Anche gli Stati graziano i rustici fuori zona

Dopo il sì del Nazionale in marzo, ieri anche gli Stati hanno deciso di approvare - per 25 voti a 16 - la mozione che prevede una sanatoria per gli edifici costruiti più di 30 anni fa fuori dalle zone edificabili. Una buona notizia, dunque, per migliaia di edifici tradizionali, come i rustici ticinesi, gli chalet vallesani e i maiensässe grigionesi. La mozione, lo ricordiamo, era stata depositata dopo una sentenza del 2021 del Tribunale federale che, esprimendosi sul caso di un deposito lucernese in zona agricola, aveva deciso che le costruzioni illegali dovessero essere demolite, anche se costruite un trentennio prima.
Il dibattito in aula
Secondo i calcoli della televisione svizzero tedesca SRF, sarebbero circa 600.000 gli edifici situati fuori zona edificabile. In Ticino si parla di circa 2 mila rustici. Durante il dibattito, il consigliere agli Stati Marco Chiesa (UDC) ha evidenziato che «il rispetto della legalità è un principio indiscutibile e indiscusso in Svizzera. Ma in questo caso non si tratta di autorizzare un’edificazione selvaggia in zone dove essa è vietata o fortemente limitata, bensì di trattare la questione con una sana e lungimirante ragionevolezza». Secondo il presidente democentrista, è «sostenibile chiedere che non vi sia una disparità di trattamento tra la costruzione di immobili all’interno delle zone edificabili rispetto a quelli costruiti all’esterno di esse. Come altrettanto ragionevole è evitare a Cantoni e Comuni il controllo di più di 600.000 edificazioni in tutta la Svizzera». Diversa, per contro, la posizione dell’ecologista ginevrina Lisa Mazzone e della consigliera federale Simonetta Sommaruga, secondo le quali la mozione non fa altro che premiare i furbi e chi ha violato la legge, speculando sul trascorrere del tempo. «Una cosa difficile da spiegare a quei Comuni che si danno da fare per far rispettare la legge», ha detto Sommaruga. «Stiamo parlando di costruzioni illegali», ha sottolineato più volte la «ministra» del territorio. «Non capisco questo bisogno di proteggere un atto illegale», ha quindi puntualizzato.
La reazione del Ticino
«Parlare di condono è improprio», premette da noi contattato il direttore del Dipartimento del territorio Claudio Zali. «Il termine presuppone infatti che qualcosa di illegale diventi legale.
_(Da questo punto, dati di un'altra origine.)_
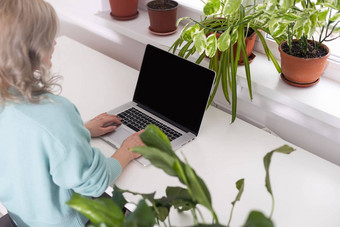 年轻的微笑快乐满意员工业务女人休闲蓝色的衬衫持有笔坐工作工作场所白色桌子上移动PC电脑光现代办公室在室内成就职业生涯概念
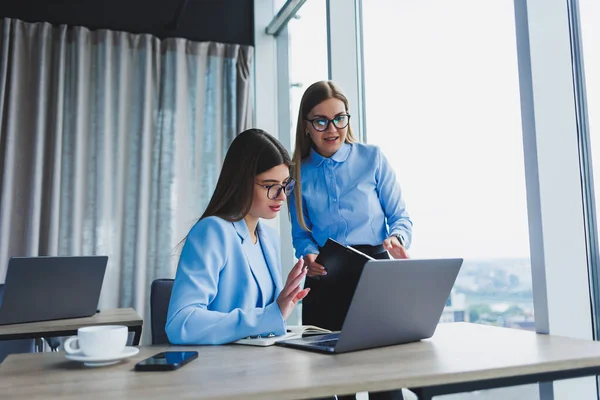 Busy business women with a laptop in the office, watching content on the laptop and discussing the project together, sitting in the office during a working break. Teamwork, corporate discussion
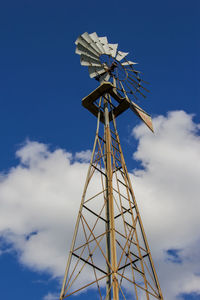 Low angle view of traditional windmill against blue sky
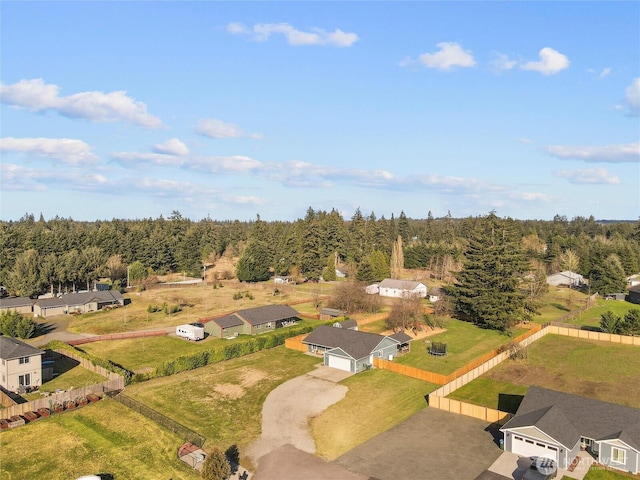 drone / aerial view with a residential view and a view of trees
In questo caso, invece, viene semplicemente introdotto un termine di prescrizione di 30 anni, scaduto il quale non si può più far demolire un’opera abusiva». A ben guardare, spiega Zali, questo principio, «ancorché non ancorato alla legge, lo si riteneva già esistente come prassi». E questo fino alla sentenza dello scorso anno del TF. Alla quale, come detto, ha fatto seguito la mozione che, di fatto, ha tradotto in legge il termine dei 30 anni, tornando in pratica alla situazione antecedente alla sentenza. «Malgrado non si tratti di un passo avanti», dice Zali, «perlomeno la decisione delle Camere ci toglie da una situazione di incertezza creata dalla sentenza del TF». Insomma, «è una buona notizia, seppur minima». Sul tavolo, infatti, rimane «l’enorme problema» di trovare soluzioni per tutte le costruzioni abusive che hanno meno di 30 anni: «Occorrerebbe valutare una modifica di legge che apra a soluzioni diverse, visto che oggi è contemplata unicamente la demolizione della costruzione».